You may be among the readers of Vector whose stomachs start churning or whose eyes glaze over when they read the words "tacit definition" in articles about J. This column is meant for you. It is going to take the approach that you know how to write an APL function, and might not be averse to learning how to write a J function in a similar fashion.

[Footnote [1] in the 2nd Edition of APWJ: Even if you don't know APL, Gene's treatment is still readable as an introduction to developing a substantial iterative algorithm in J, notwithstanding the fact that since this article was written computers have become faster and J has acquired a prime factorization primitive (q:). IanClark]

The example I shall use is fairly short -- just 12 lines -- and was shown to me by Joey Tuttle many years ago. It's called factors and it factors a positive integer n. The result of factors n is an ordered list of primes such that n is the product over the list, that is, n <-> */ factors n. It found the factors of the 18-digit integer (2^59)-1 (576460752303423487), which are 179951 and 3203431780337, in 3 min 37.1 s on a Macintosh Quadra 700.

[Footnote [2]: Nowadays factors 576460752303423487x takes 5 s to replicate this result on my Mac Mini, bought in 2005. IanClark]

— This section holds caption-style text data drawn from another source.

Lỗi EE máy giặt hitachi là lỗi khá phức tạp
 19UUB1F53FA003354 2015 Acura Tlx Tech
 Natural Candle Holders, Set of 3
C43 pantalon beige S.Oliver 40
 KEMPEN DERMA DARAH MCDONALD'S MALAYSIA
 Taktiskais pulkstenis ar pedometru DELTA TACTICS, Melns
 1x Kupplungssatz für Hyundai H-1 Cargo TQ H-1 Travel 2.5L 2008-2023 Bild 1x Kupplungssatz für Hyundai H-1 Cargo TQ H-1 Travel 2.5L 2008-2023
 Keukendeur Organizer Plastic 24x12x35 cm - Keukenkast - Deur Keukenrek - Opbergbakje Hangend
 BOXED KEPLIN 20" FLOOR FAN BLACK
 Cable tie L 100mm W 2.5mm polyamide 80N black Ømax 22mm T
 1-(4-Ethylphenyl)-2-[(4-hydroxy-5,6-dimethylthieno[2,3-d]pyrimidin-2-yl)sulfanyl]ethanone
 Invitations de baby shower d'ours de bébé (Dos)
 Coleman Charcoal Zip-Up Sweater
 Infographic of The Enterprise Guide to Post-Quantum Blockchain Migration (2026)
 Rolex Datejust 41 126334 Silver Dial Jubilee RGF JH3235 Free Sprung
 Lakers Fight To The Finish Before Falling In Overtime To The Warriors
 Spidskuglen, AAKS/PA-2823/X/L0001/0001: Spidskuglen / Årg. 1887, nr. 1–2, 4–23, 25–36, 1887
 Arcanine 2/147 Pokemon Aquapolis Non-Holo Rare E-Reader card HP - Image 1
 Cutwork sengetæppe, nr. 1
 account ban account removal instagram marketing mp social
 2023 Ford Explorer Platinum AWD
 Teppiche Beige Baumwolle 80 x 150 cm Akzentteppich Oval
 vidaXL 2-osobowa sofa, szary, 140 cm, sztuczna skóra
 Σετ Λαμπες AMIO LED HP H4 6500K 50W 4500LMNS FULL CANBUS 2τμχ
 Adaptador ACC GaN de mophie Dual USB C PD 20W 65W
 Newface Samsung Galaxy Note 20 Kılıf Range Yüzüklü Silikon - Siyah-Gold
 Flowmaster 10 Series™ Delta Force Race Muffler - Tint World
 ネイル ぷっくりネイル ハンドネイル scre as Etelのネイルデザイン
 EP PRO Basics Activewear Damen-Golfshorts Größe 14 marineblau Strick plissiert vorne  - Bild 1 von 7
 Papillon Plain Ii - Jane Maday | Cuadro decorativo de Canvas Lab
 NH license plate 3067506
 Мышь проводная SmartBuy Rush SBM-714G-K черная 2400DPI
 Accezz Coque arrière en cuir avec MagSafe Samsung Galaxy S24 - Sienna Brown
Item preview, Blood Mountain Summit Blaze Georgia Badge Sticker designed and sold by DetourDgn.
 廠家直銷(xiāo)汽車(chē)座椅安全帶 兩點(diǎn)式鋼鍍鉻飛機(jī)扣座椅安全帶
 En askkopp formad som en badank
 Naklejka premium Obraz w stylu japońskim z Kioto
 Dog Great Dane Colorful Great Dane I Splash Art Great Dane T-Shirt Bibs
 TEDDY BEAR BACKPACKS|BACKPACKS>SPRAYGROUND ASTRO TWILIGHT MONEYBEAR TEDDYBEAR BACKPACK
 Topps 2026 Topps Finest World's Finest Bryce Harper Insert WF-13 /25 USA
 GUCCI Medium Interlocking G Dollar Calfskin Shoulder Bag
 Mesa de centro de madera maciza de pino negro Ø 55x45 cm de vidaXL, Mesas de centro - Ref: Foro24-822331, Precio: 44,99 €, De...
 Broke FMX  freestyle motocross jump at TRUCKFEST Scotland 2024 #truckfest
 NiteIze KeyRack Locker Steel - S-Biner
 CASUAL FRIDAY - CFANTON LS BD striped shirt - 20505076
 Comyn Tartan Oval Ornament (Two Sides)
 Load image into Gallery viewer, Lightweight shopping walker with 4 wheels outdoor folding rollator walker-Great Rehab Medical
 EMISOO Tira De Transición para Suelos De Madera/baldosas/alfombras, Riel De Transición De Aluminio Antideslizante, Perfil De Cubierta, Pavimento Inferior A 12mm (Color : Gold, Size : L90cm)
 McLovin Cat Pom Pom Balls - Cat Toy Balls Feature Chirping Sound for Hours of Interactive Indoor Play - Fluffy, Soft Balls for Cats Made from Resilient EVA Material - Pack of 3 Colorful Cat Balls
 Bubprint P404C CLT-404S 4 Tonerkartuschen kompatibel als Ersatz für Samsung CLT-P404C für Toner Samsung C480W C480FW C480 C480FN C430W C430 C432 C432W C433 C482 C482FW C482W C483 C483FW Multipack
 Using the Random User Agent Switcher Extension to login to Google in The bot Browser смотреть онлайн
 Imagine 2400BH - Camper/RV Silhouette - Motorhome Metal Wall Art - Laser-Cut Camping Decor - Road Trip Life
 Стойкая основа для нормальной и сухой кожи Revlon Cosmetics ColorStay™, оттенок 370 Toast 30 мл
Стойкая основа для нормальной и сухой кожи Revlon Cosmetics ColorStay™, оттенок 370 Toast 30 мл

Various methods of finding the prime factors of a number are given in Knuth, Seminumerical Algorithms, Section 4.5.4 "Factoring into primes", pp. 338-360. The method used here is the simplest one, Algorithm A, which divides the number by increasingly larger primes until all factors have been found, but the method has been vectorized so that more than one factor may be found at once.

The argument must be a positive integer not greater than max, where max is a number derived from the floating-point characteristics of your computer. This discussion assumes that your computer uses IEEE floating point arithmetic, which is the case for PCs, Macintoshes, and most Unix machines. On PCs and Unix machines the maximum is the 16-digit integer (2^53)-1 (9007199254740991). For Macintoshes it is the 19-digit (2^63)-1 (9223372036854775807), or 1024 times as large. These are the largest integers which can be represented to full accuracy on the hardware of those machines.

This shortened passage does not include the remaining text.